今年も後3週間…街にはイルミネーションが煌めき、師走の騒めきが耳に心地良い。

そんな中僕はと云うと某収蔵庫での作業をこなしたり、VIP顧客の個人美術館を訪ねて驚くべき新収蔵品を見せて貰ったり、そして物凄く重要な作品のプライヴェート・セールが決まったりして居たが、それに連れて夜の方も忙しくなって来た!

月曜の夜、仕事後何か軽く食べようと行き付けの珈琲店を1人で訪れたら、寒い夜だったからか僕の他に客も居らず、結局マスターも「今日はもう店閉めて、飯でも食いに行くか…」と云う事に為り、マスターと従業員のSちゃんと連れ立って、「食べログ」で高得点を取っていると云うSちゃん推奨の焼肉屋の「A」に向かう。

その「A」に着くと20分待ちだと言うので、3人で東京ミッドタウンのイルミネーションを観に行ったのだが、クリスマス仕様の東京タワーをバックに青く光るイルミネーションの余りの綺麗さに息を呑む…日本のイルミネーションは儚げで中々ヨロシイ。

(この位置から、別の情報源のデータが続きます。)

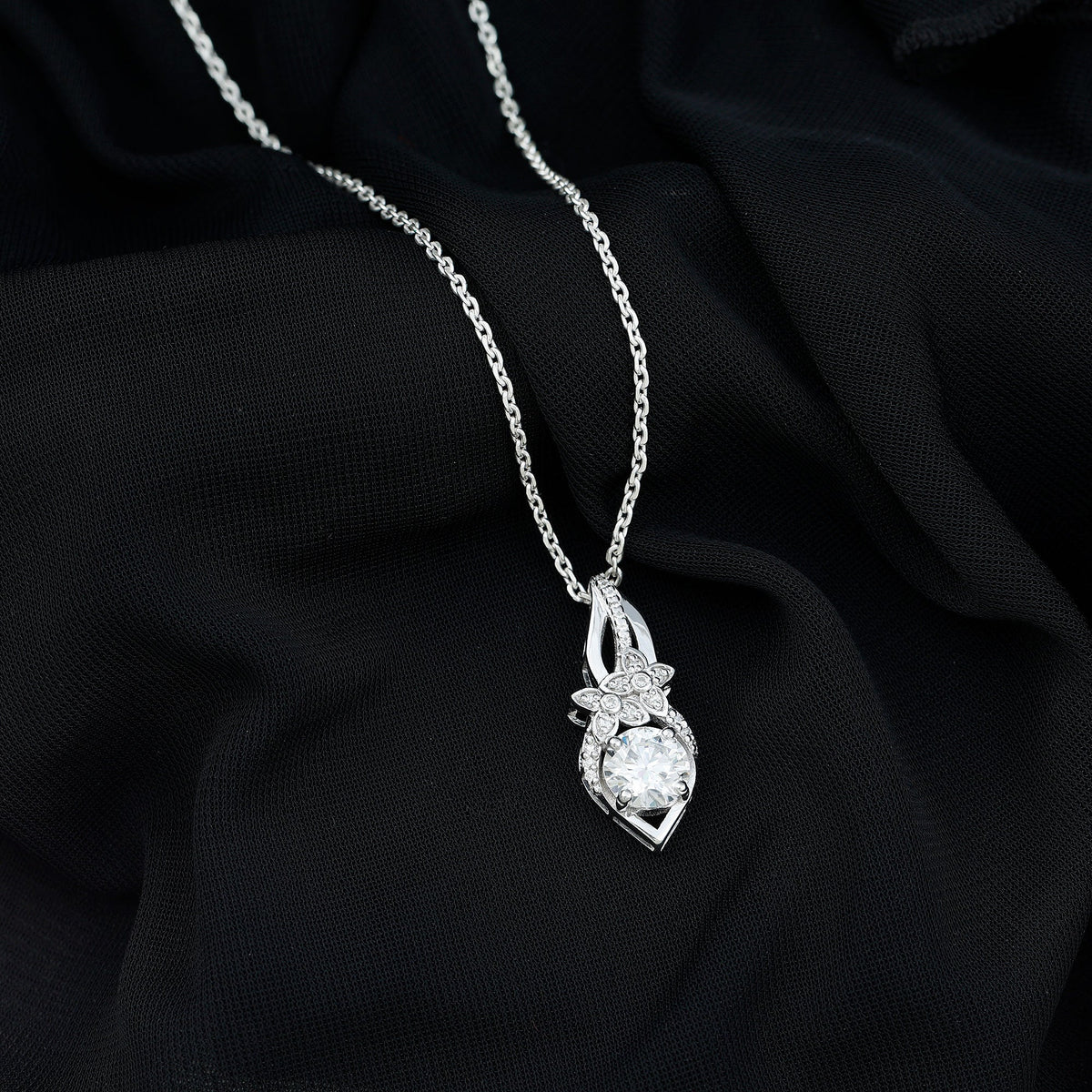 Lab Grown Diamond Flower Statement Necklace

序でに「A」では、デザートに何と「しろくま」が出て来る、リーズナブルで超美味いコースを堪能した。

続く火曜日は、某有名美術館の学芸員T女史を囲む恒例の忘年「T会」…T女史を始め、VIPコレクター、現代美術ディーラー等の何時もの面子、そして此の晩も六本木の肉専門店「M」で、焼き鳥やメンチカツ、〆の辛麺等で盛り上がる。

そして肉肉しい二夜を過ごした昨日の夜は、かいちやうのバースデー・ディナー@原宿「E」に出席。

出席者はかいちやうを中心に、女優Mさん、陶芸家U氏、料理研究家Nさん、ギタリストM氏、邦楽家元T氏、大コレクターのお孫さんS氏、そして僕の総勢8名。

料理研究家Nさん創作の美味しい料理、トスカーナからのワインと今年取れたてのエクストラ・ヴァージン・オリーヴ・オイルを頂きながら、「今年1番の買い物は?」「骨董の値段を家族に如何に誤魔化すか」(「一寸良いコート位の値段」とか:笑)等と盛り上がった食事会は、プレゼントご披露を経てのハッピー・バースデーの合唱の中、抹茶茶碗を象ったバースデー・ケーキの灯をかいちやうが吹き消し、皆で記念撮影をして夜中前に終了。

然しこの晩はそれでは終わらず、その後はかいちやうのお宅の茶室に赴き、邦楽家元、陶芸家、コレクター氏と共に、男だけ5人に拠る深夜の「バースデー茶会」の開催と為った。

手燭の灯されたほの暗い茶室の床には、大徳寺僧の墨蹟に紅白椿の活けられた古銅花入、眼を左に振ると見覚え有る古材炉縁に古天明釜、そして芋頭水指が見える。

そんな「バースデー茶会」は、数々の蝋燭の灯された遠来の「巨大バースデー練切菓子」が亭主に拠って運ばれ、そろそろと始まった。

かいちやうの提案で、主客5人全員で一斉に息を吹き掛けて蝋燭の灯を消し、亭主自らがその場で切り分けたお菓子を頂く。

そしてかいちやう自身が点てた、手取りと発色の素晴らしいご先祖様の黒楽茶碗、コレクター氏持参の赤楽、亭主自作光悦風茶碗、陶芸家U氏作の生まれたて茶碗等でお茶を頂き、この夜使われたお道具や名物骨董商の話等の骨董四方山話に花が咲くと、気が付けば何と夜中の2時を廻っていた!

そうして深夜の「バースデー茶会」は御開きと為り、後片付けを終えると、お茶で友情を温め合った男GONIN(そうだ、まるで「白浪五人男」では無いか!)は、寒空の下、三々五々家路へと急いだので有った。

お茶は人を結び付け、そして温める…その道のエキスパートとして僕等客達を結び付けてくれたかいちやうに感謝し、彼のこれからの1年の御多幸を祈念しながら、今日はこれ迄…かいちやう、Happy Birthday !!